◆ Data provided ◆
****

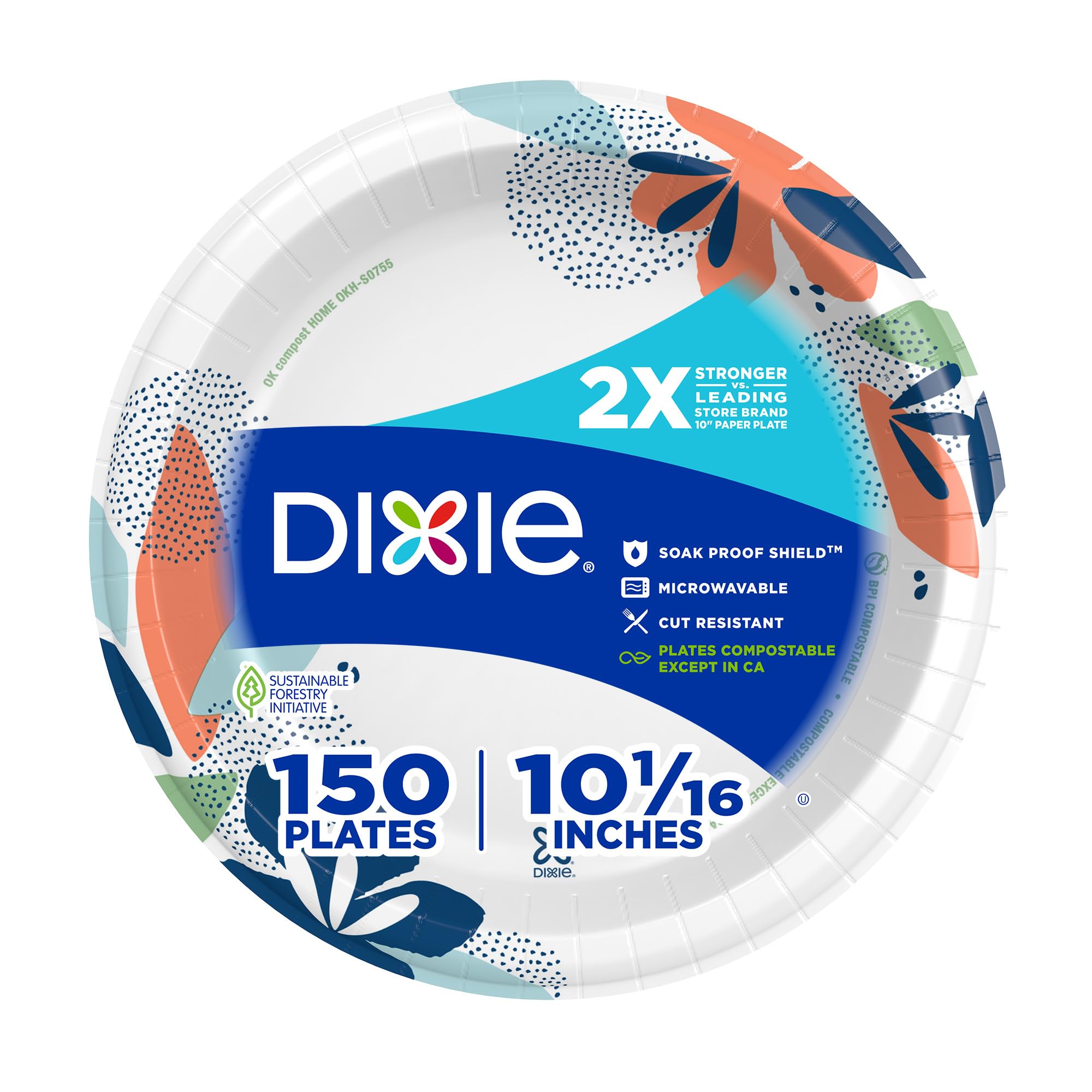 Dixie Large Paper Plates, 10 Inch, 150 Count, 2X Stronger*, Microwave-Safe, Soak-Proof, Cut Resistant, Disposable Plates For Everyday Breakfast, Lunch, & Dinner Meals - 2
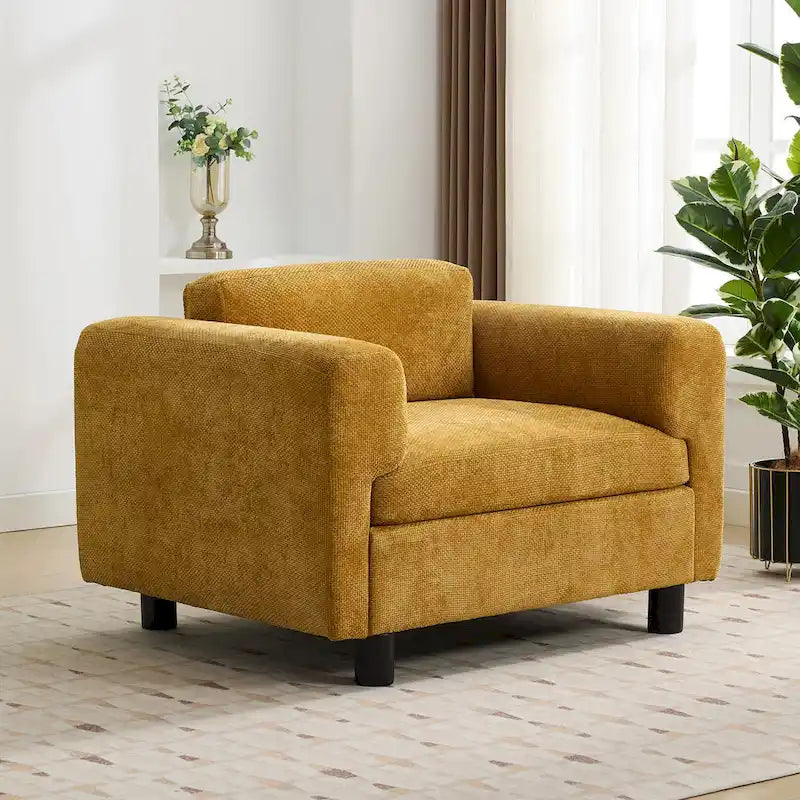 45.5 Woven Velvet Fabric Accent Chair with High-Density Cushion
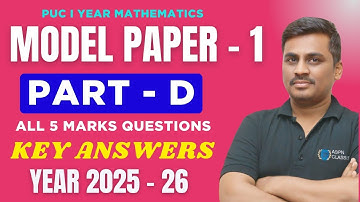 2nd PU MODEL QUESTION PAPER 2026 SOLUTIONS || PART - D ALL 5 MARKS QUESTIONS SOLUTIONS || PART - D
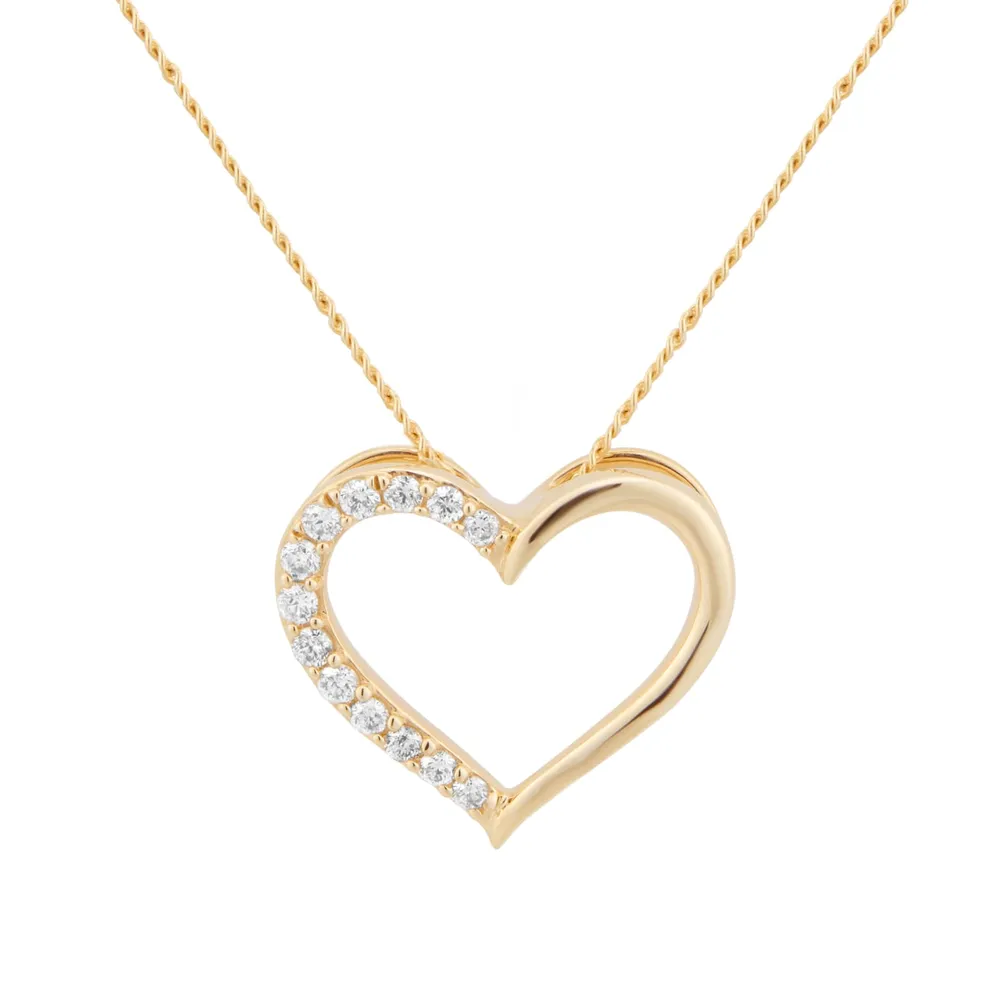 9ct Yellow Gold 0.10cttw Diamond Heart Pendant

****

◆ Task brief ◆
Give back, exactly as written, the lines from the top of the material through the line with "45.5 Woven Velvet", ends included and pictures left aside.

◆ Finished exercise ◆
 Dixie Large Paper Plates, 10 Inch, 150 Count, 2X Stronger*, Microwave-Safe, Soak-Proof, Cut Resistant, Disposable Plates For Everyday Breakfast, Lunch, & Dinner Meals - 2
 45.5 Woven Velvet Fabric Accent Chair with High-Density Cushion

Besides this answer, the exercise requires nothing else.